フェラーリが出したルール明確化の要望は、特定のチームの告発を意図したものではなかった。しかし、問題になっているのは、メルセデスとレッドブルが開発した技術コンセプトだと言われている。両チームは、すでにそのシステムを合法的に使用してきたが、今回はそれをさらに進化させた最新デバイスの合法性が問われているのだ。
そして、2月初めに行われたチーム間の話し合いでも解決に至らなかったため、このほどFIAは、この問題に関する彼らの見方を示した技術指令書を発行した。
チームに送付されたこの文書で、FIAはサスペンションシステムの合法性について、どのように判断するつもりであるかの概要を示した。これによると、合法か違法かを判定する最大のポイントは、それが空力性能にどれほどの影響を及ぼすかだという。
違反と見なされるであろう機能またはコンポーネントとして、FIAは次の5つを選んで例示した。
●加速度に対するクルマの反応の仕方を変えるようなシステム。
●車高を調整する機能とブレーキシステムまたはステアリングシステムの間の直接的な連結。
●セルフレベリング機構による車高調整。
●サスペンションのロールを受け持つ部分とヒーブを受け持つ部分の間の直接的な連結。
●時間差を持って放出されるエネルギーの保存、またはホイールに働く力の変化への応答に非偶発的な非対称性を生じさせるようなシステム。
FIAは、この通知によって、チームが自分たちのシステムの適法性を証明するには、何をすればよいかが明確になることを望んでいると述べた。
また、この文書には、サスペンションシステムの主目的はシャシーとドライバーに路面の凹凸が直接伝わらないようにすることでなければならず、チームがテクニカルデレゲートに説明を要求されたとき、その原則に従って納得できるような説明をできない場合には、FIAはそのシステムの取り外し、または無効化を求めることができるとも記されている。
そして、取り外しまたは無効化を求められたにもかかわらず、チームがそのシステムを使用した場合、その件はスチュワードに報告されるという。

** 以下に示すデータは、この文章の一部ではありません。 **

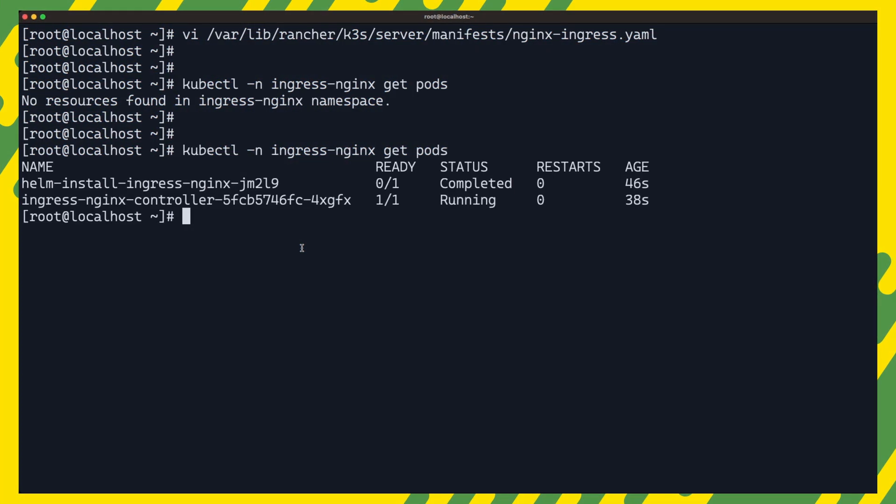Again, as soon as we save this file in the add-on manifest directory, K3S will start deploying the controller. We can also list the pods in the ingress nginx namespace to verify the installation.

この最新の説明によれば、レッドブルが使っていると言われるタイプのシステムは、使用できないようにも思えるが、チーム代表のクリスチャン・ホーナーは、チームのシステムがレギュレーションの範囲内だと信じていると述べた。
「FIAは私たちのルールの解釈に納得したようだった」と、ホーナーは言う。
「納得できない人がいるなら、その人には抗議を提出する権利がある。私たちとしては、管轄機関から受けたアドバイスに従って進むしかない。これまでのところ、私たちがもらったフィードバックは、どれも『問題なし』というものだった」
一方、メルセデスのトト・ウォルフは、先週、彼のチームのサスペンションがシーズン開幕戦のオーストラリアGPで抗議の対象になる可能性があるとは考えておらず、目下の状況について心配はしていないと語っている。